Impact of patatin-like phospholipase-3 (rs738409 C>G) polymorphism on fibrosis progression and steatosis in chronic hepatitis C.Hepatology. 2011 Jul; 54(1):60-9.Hep
Only 20% of patients with chronic hepatitis C (CHC) will develop cirrhosis, and fibrosis progression remains highly unpredictable. A recent genome-wide association study identified a genetic variant in the patatin-like phospholipase-3 (PNPLA3) gene (rs738409 C>G) associated with steatosis that was further demonstrated to influence severity of fibrosis in nonalcoholic fatty liver disease.
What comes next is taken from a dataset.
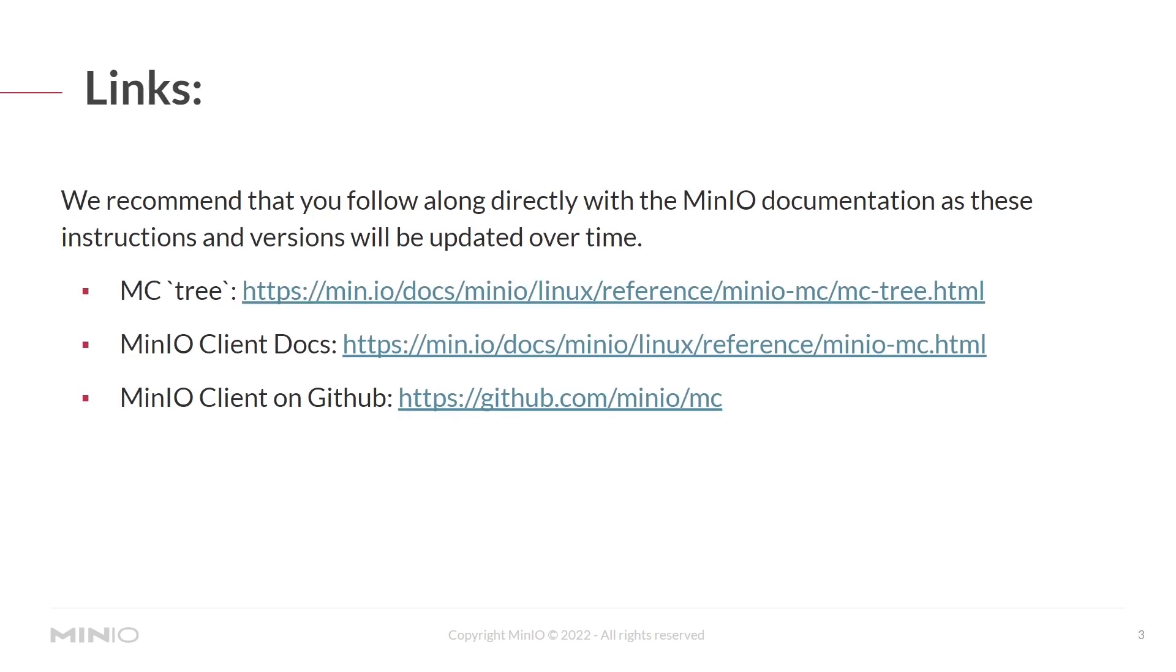We recommend that you follow along with the min.io documentation. You can visit these links, which we'll put in the description for more information, both on the tree command as well as the mc client as a whole.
The aim of this study was to assess the impact of this polymorphism on histological liver damage and response to antiviral therapy in CHC. We recruited 537 Caucasian CHC patients from three European centers (Brussels, Belgium [n = 229]; Hannover, Germany [n = 171]; Lyon, France [n = 137]); these patients were centrally genotyped for the PNPLA3 (rs738409 C>G) polymorphism. We studied the influence of rs738409 and other variants in the PNPLA3 region on steatosis and fibrosis assessed both in a cross-sectional and longitudinal manner. Seven other variants previously associated with fibrosis progression were included. Finally, we explored the impact of rs738409 on response to standard antiviral therapy using the interferon lambda 3 (IL28B) [rs12979860 C>T] variant both as a comparator and as a positive control. After adjustment for age, sex, body mass index, alcohol consumption, and diabetes, rs738409 mutant G allele homozygote carriers remained at higher risk for steatosis (odds ratio [OR] 2.55, 95% confidence interval [CI] 1.08-6.03, P = 0.034), fibrosis (OR 3.13, 95% CI 1.50-6.51, P = 0.002), and fibrosis progression (OR 2.64, 95% CI 1.22-5.67, P = 0.013). Conversely, rs738409 was not independently associated with treatment failure (OR 1.07, 95% CI 0.46-2.49, P = 0.875) and did not influence clinical or biological variables.
The PNPLA3 (rs738409 C>G) polymorphism favors steatosis and fibrosis progression in CHC. This polymorphism may represent a valuable genetic predictor and a potential therapeutic target in CHC liver damage.